▸ EXERCISE INSTRUCTIONS
Give the data again exactly, without its images.

[Collected data]
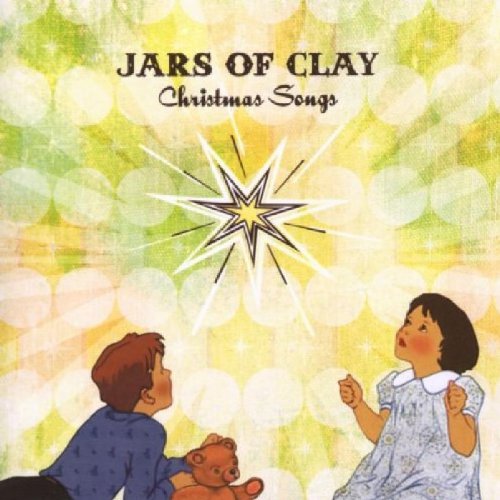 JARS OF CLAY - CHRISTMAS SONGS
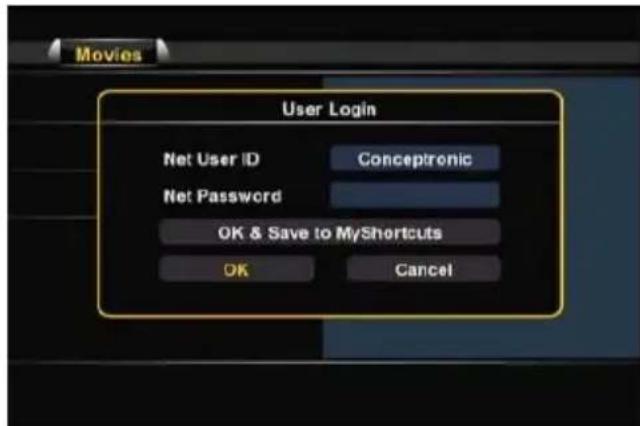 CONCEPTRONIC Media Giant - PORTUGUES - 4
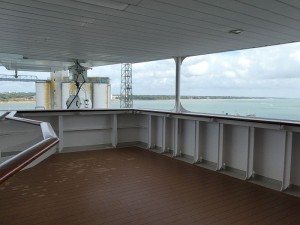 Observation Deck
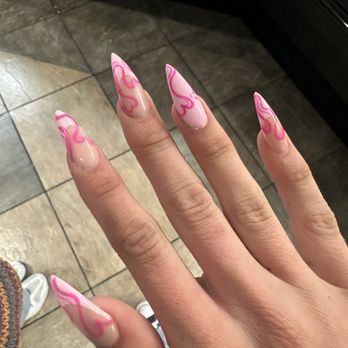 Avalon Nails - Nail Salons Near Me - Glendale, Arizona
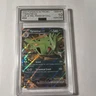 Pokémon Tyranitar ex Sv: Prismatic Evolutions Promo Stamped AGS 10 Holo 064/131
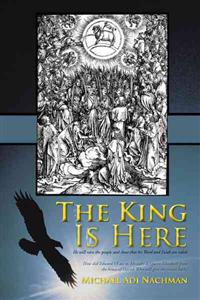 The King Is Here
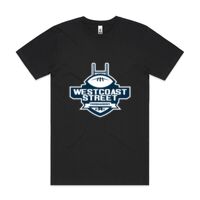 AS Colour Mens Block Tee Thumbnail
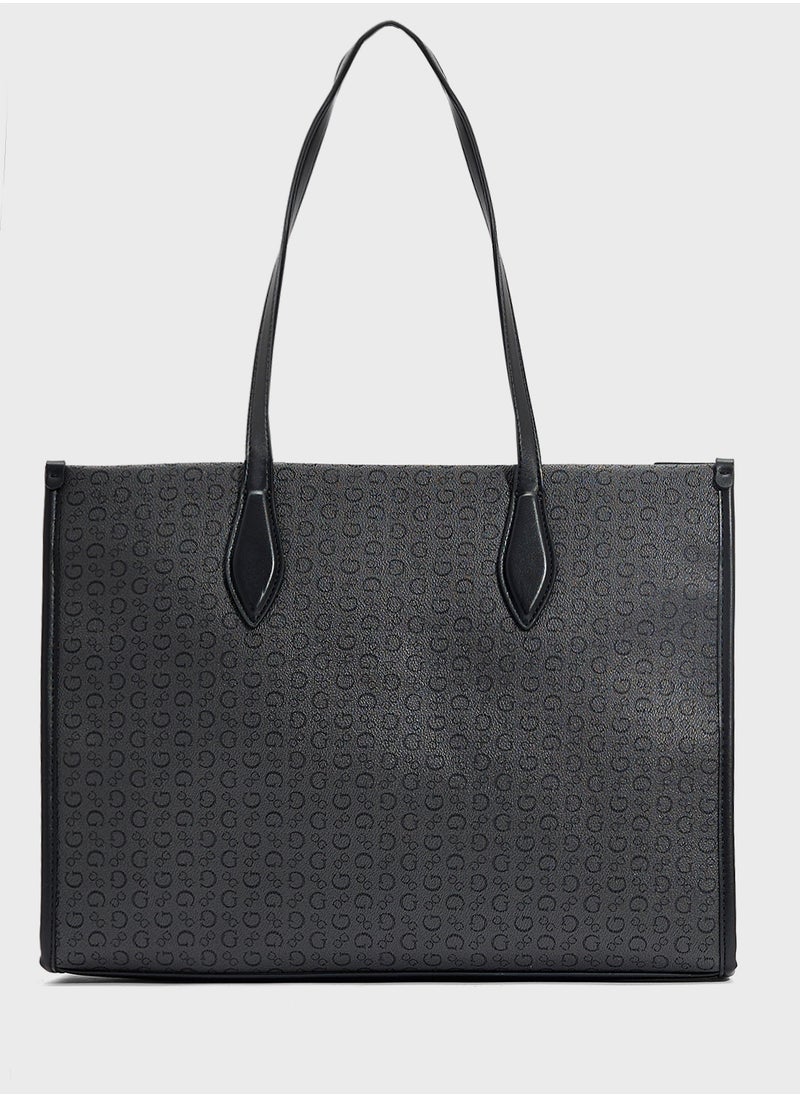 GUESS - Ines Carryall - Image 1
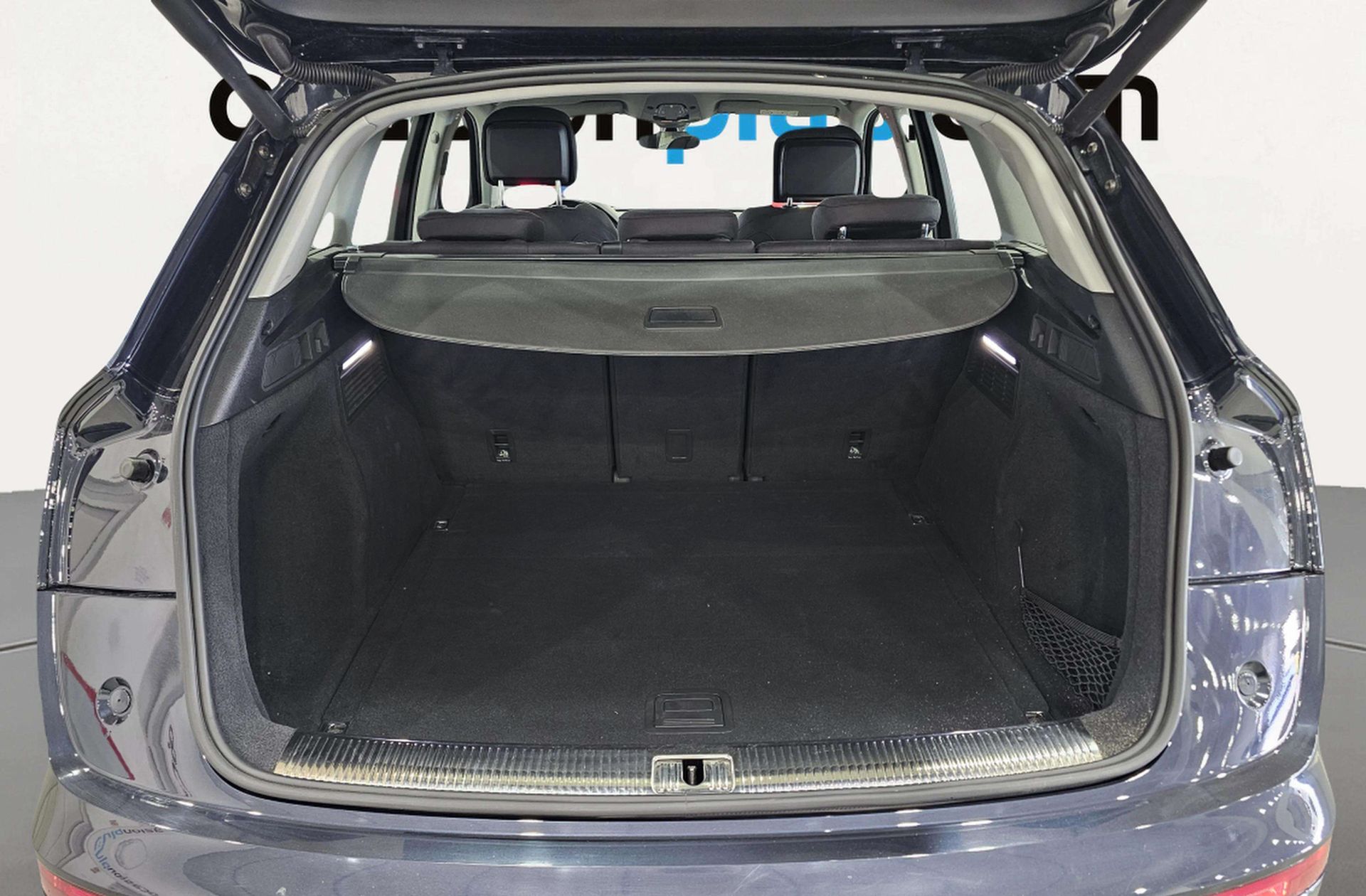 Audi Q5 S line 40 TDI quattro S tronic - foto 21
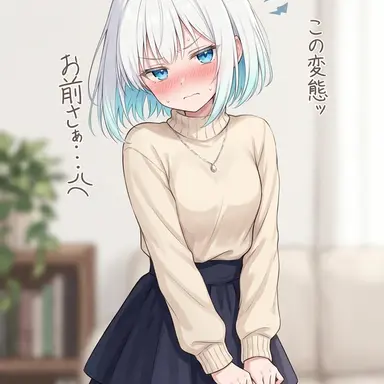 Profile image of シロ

▸ WRITTEN ANSWER
 JARS OF CLAY - CHRISTMAS SONGS
 CONCEPTRONIC Media Giant - PORTUGUES - 4
 Observation Deck
 Avalon Nails - Nail Salons Near Me - Glendale, Arizona
 Pokémon Tyranitar ex Sv: Prismatic Evolutions Promo Stamped AGS 10 Holo 064/131
 The King Is Here
 AS Colour Mens Block Tee Thumbnail
 GUESS - Ines Carryall - Image 1
 Audi Q5 S line 40 TDI quattro S tronic - foto 21
 Profile image of シロ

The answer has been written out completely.